THE DATA

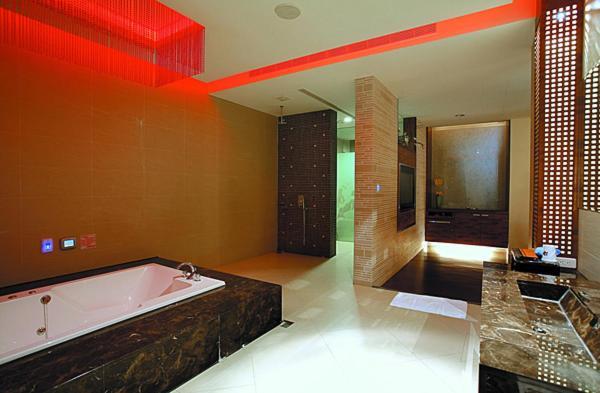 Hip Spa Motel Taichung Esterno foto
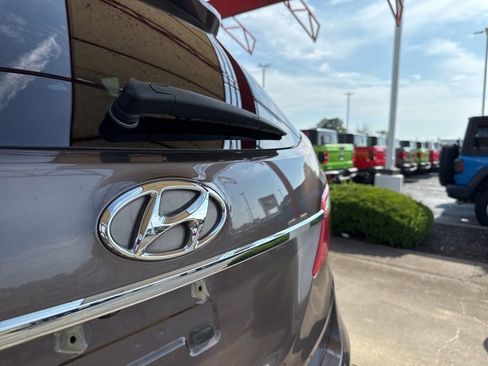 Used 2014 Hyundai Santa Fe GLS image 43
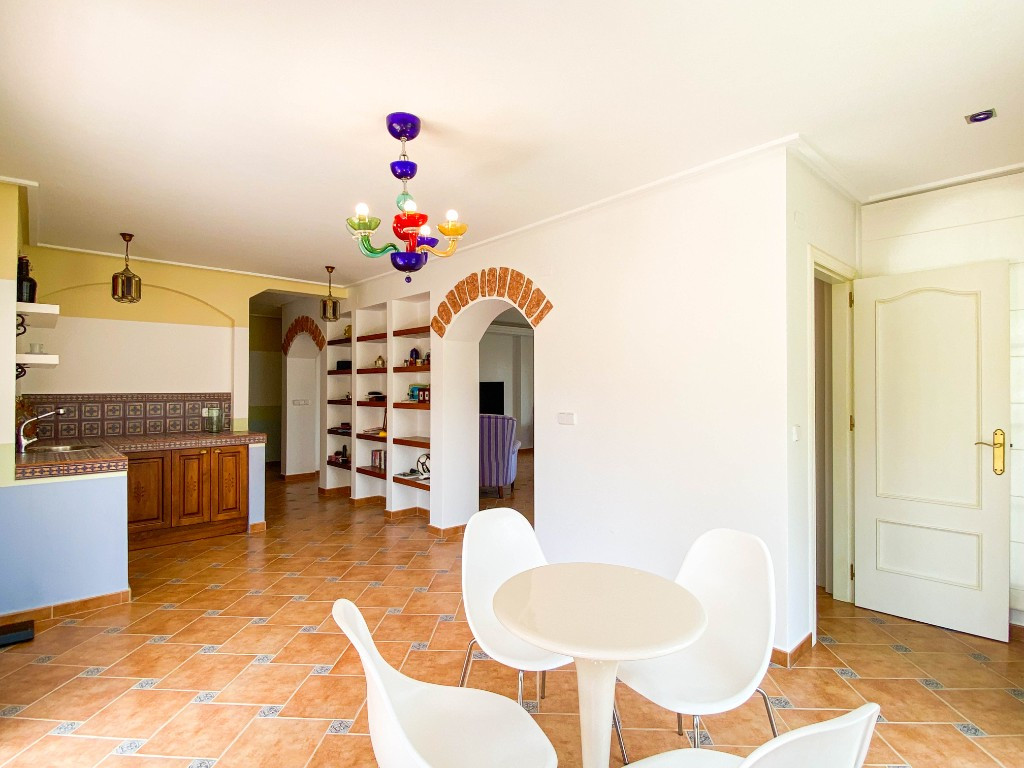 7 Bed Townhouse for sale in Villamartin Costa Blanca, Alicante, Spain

TASK BRIEF
The images are to be left out; every line above should be set down exactly.

SOLUTION FOR THIS PROBLEM
 Hip Spa Motel Taichung Esterno foto
 Used 2014 Hyundai Santa Fe GLS image 43
 7 Bed Townhouse for sale in Villamartin Costa Blanca, Alicante, Spain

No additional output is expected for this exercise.